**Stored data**
*** Block opens ***
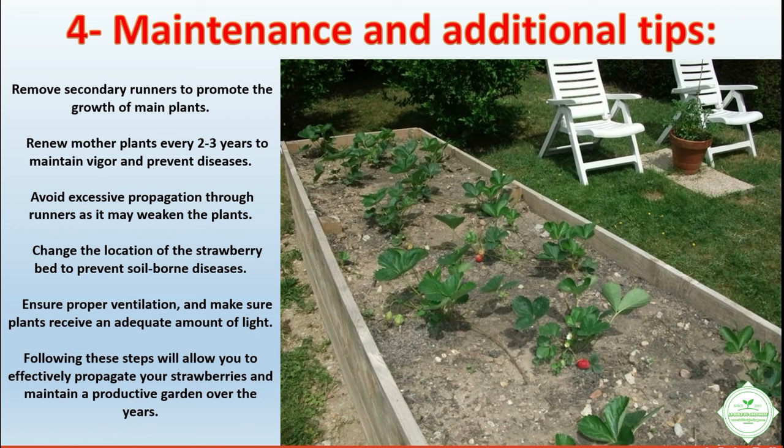Ensure proper ventilation and make sure plants receive an adequate amount of light. Following these steps will allow you to effectively propagate your strawberries and maintain a productive garden over the years.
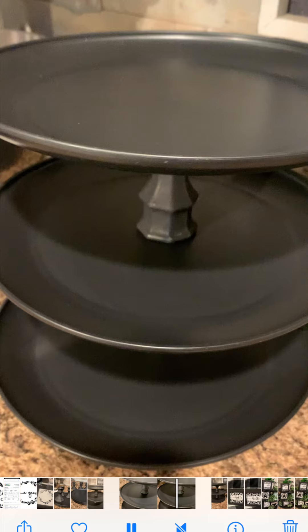So here's my tiered tray. I've got everything glued together with hot glue. You can also use E6000 — I think it would keep it in place better — but this is what it looks like so far. I just put hot glue on each end of my candle holders.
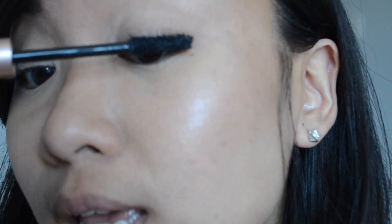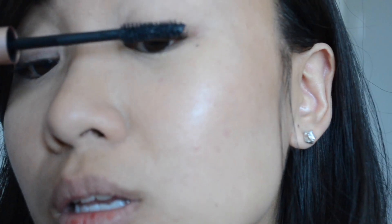I'll be wearing the waterproof one on this eye and the original one on my left side. Let's start with the original version — let me zoom you in closer so you can take a look. It's very lengthening and volumizing at the same time and it doesn't clump my lashes together, which I really appreciate. This one separates each lash very nicely and it's very fluffy. I really like it. I'm going to put on a second coat because I always do that.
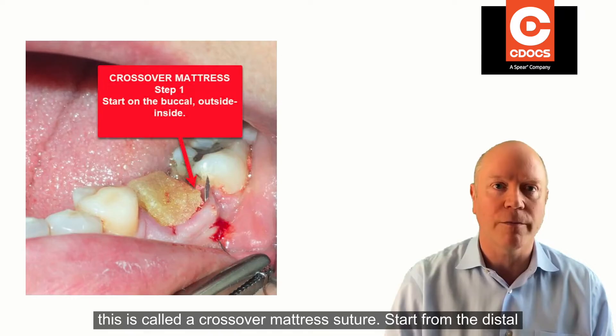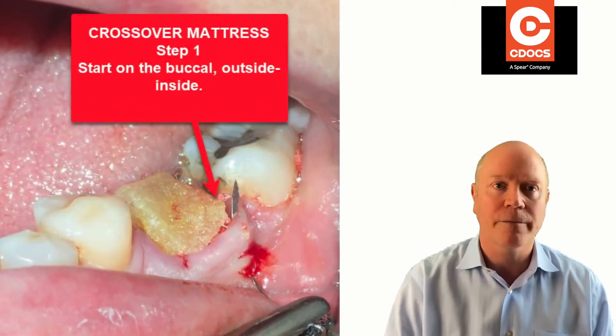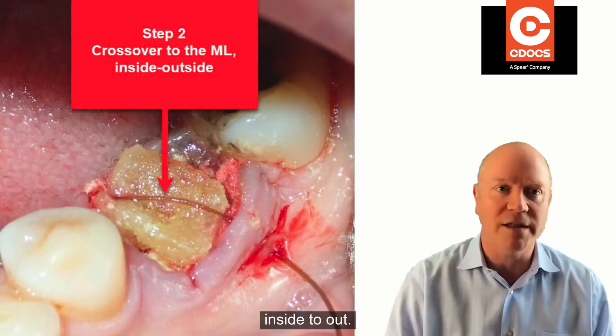To start the suture, this is called a crossover mattress suture. Start from the distal buccal — you go outside to in. Then you can see where that needle has come through; you bring it over and cross it over to the mesial buccal, and you go inside to out.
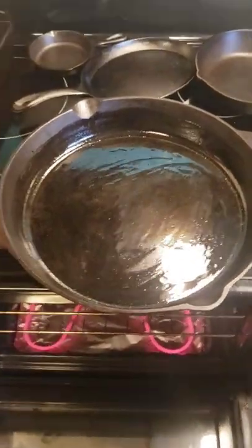Welcome to Cooking with Bobbie Jo. On today's Cooking Short, we're making Cajun Seasoned Chicken Thighs. This is super easy and delicious.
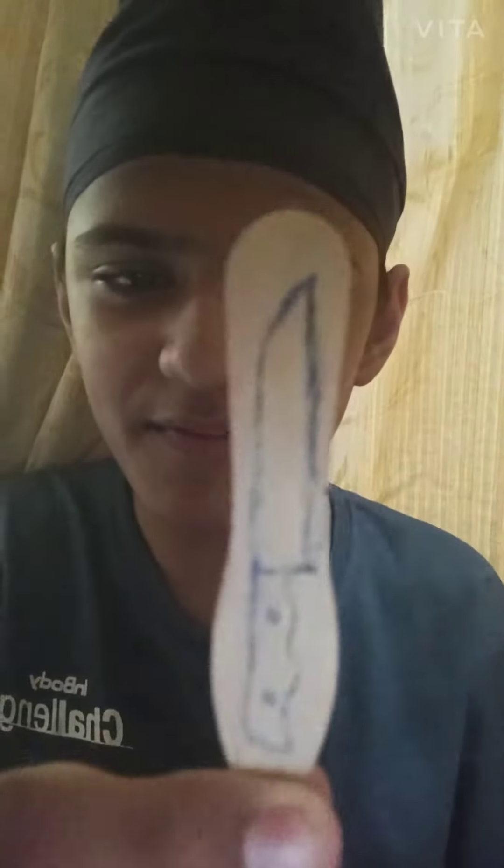We have to take this type of ice cream stick, draw a knife shape like that, and cut it. You can see our knife shape is ready. Now we have to paste glue on both sides and stick a piece of paper.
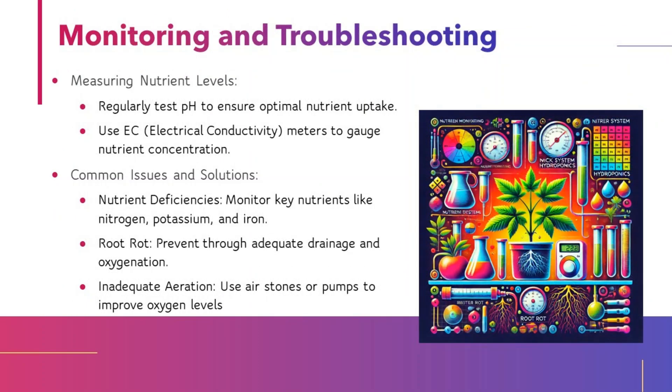Monitoring and troubleshooting: Regularly test pH to ensure optimal nutrient uptake, and use EC (electrical conductivity) meters to gauge nutrient concentration. Common issues and solutions include: nutrient deficiencies — monitor key nutrients like nitrogen, potassium, and iron; root rot — prevent through adequate drainage and oxygenation; inadequate aeration — use air stones or pumps to improve oxygen levels.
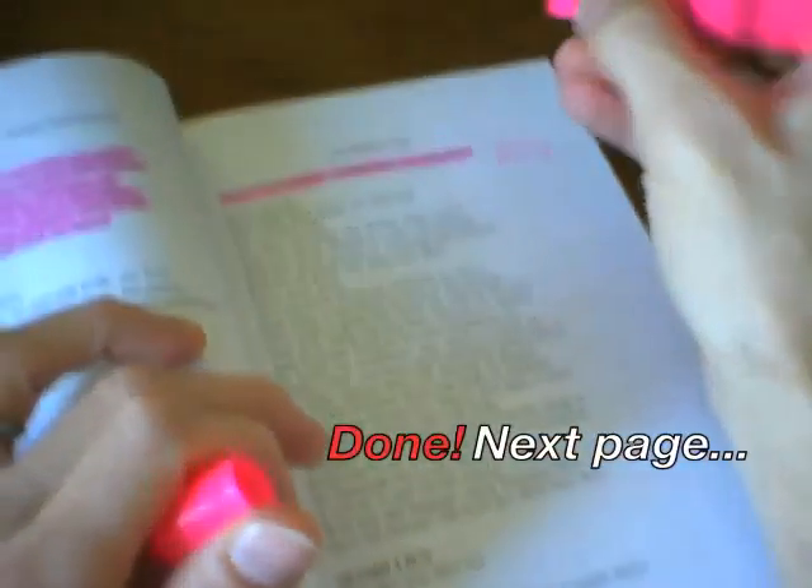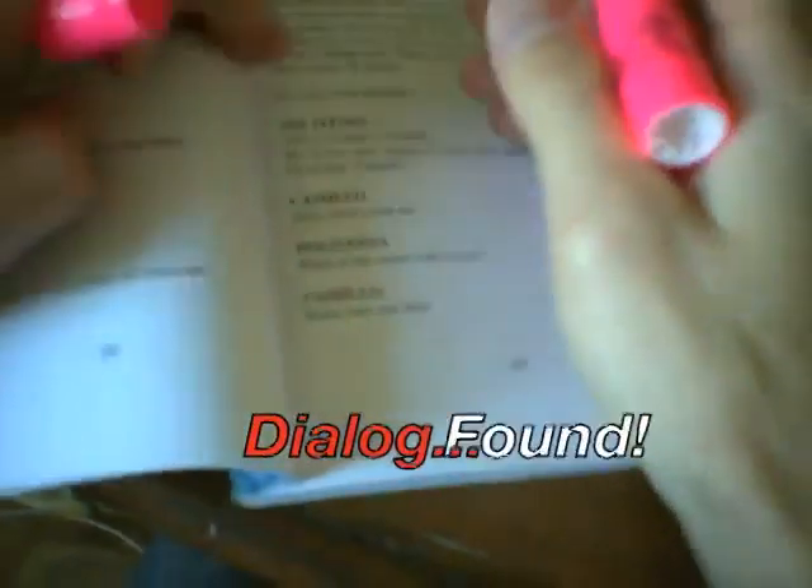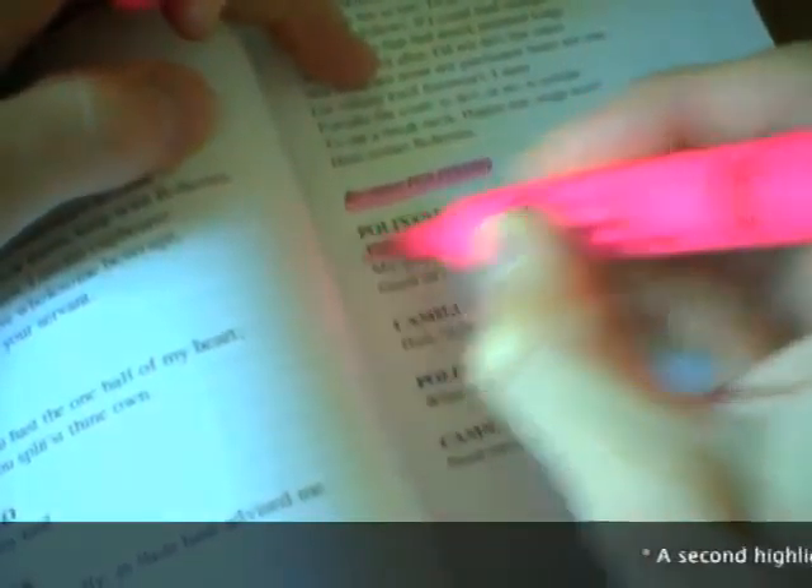Here we go! Highlighting my lines. Note the precision with which I highlight the line — I just highlighted how I leave some of those white spaces white and some pink. Oh my god, I'm going to be a while.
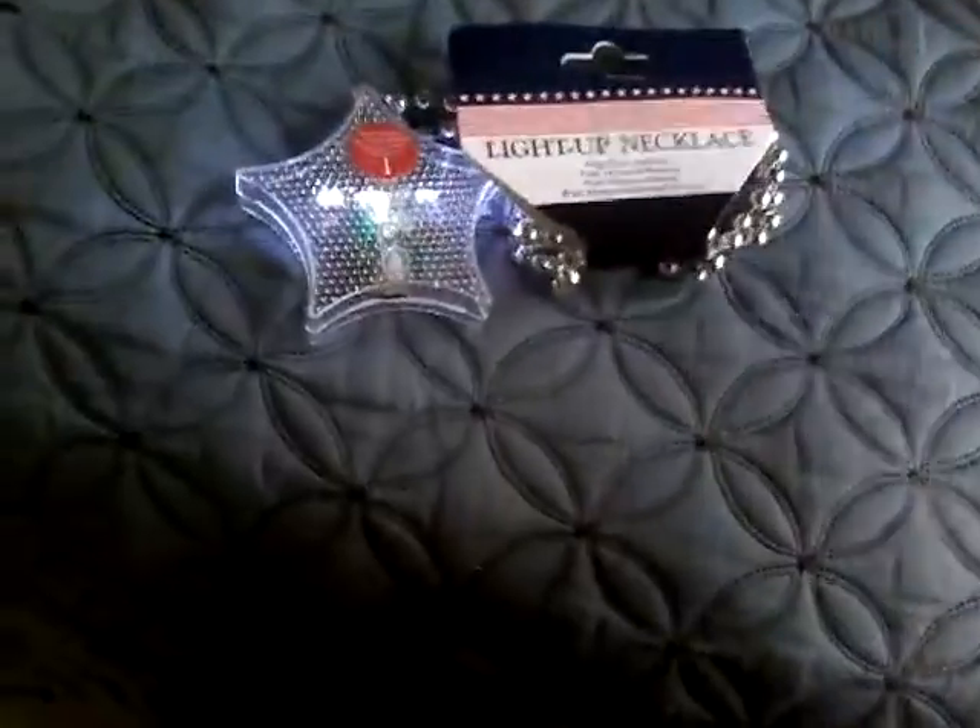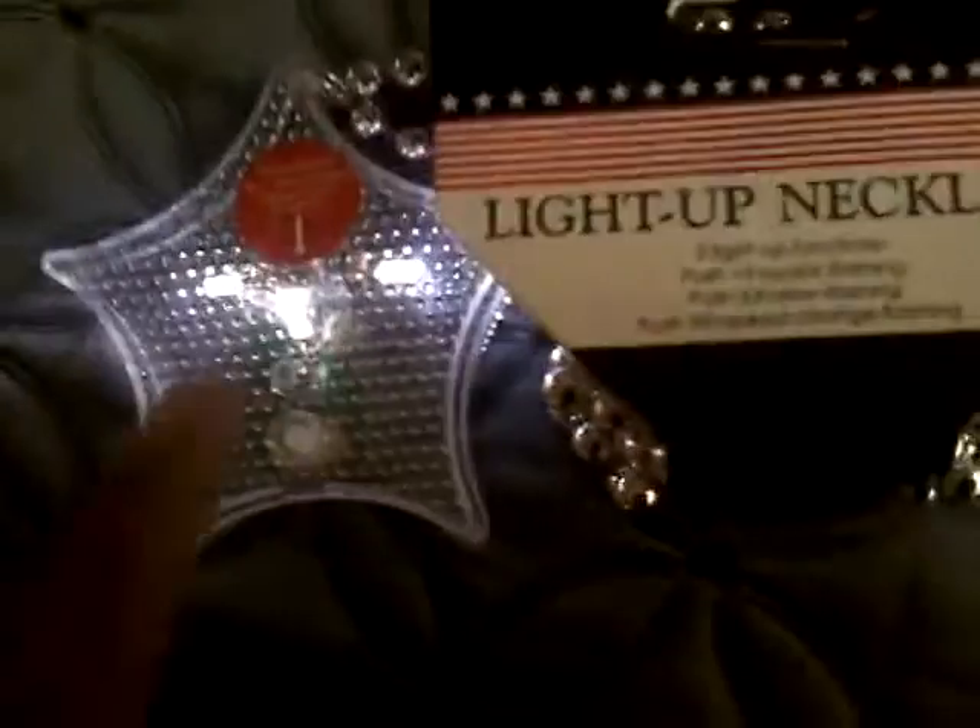Now let's start off with mode 1. Turning it on — as you can see, we've got fast flash. It's actually strobing on camera. Do it again and you get slow flash. Do it again and you get speed change flashing.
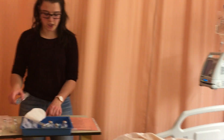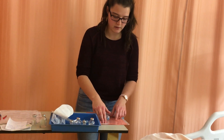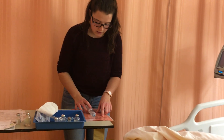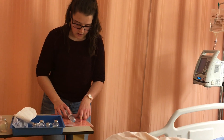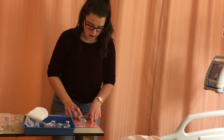I can do my third medication check at the bedside. Right patient. No allergies. Cloxicillin, 1000mg, correct. Via IV — that is what I'm doing. And every four hours, which is right now.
*** Block closes ***
What to print is the stretch of entries from the line with "To start the" up to and including the line with "Now let's start". Please print it exactly and leave out the pictures.

To start the suture, this is called a crossover mattress suture. Start from the distal buccal — you go outside to in. Then you can see where that needle has come through; you bring it over and cross it over to the mesial buccal, and you go inside to out.
Welcome to Cooking with Bobbie Jo. On today's Cooking Short, we're making Cajun Seasoned Chicken Thighs. This is super easy and delicious.
We have to take this type of ice cream stick, draw a knife shape like that, and cut it. You can see our knife shape is ready. Now we have to paste glue on both sides and stick a piece of paper.
Monitoring and troubleshooting: Regularly test pH to ensure optimal nutrient uptake, and use EC (electrical conductivity) meters to gauge nutrient concentration. Common issues and solutions include: nutrient deficiencies — monitor key nutrients like nitrogen, potassium, and iron; root rot — prevent through adequate drainage and oxygenation; inadequate aeration — use air stones or pumps to improve oxygen levels.
Here we go! Highlighting my lines. Note the precision with which I highlight the line — I just highlighted how I leave some of those white spaces white and some pink. Oh my god, I'm going to be a while.
Now let's start off with mode 1. Turning it on — as you can see, we've got fast flash. It's actually strobing on camera. Do it again and you get slow flash. Do it again and you get speed change flashing.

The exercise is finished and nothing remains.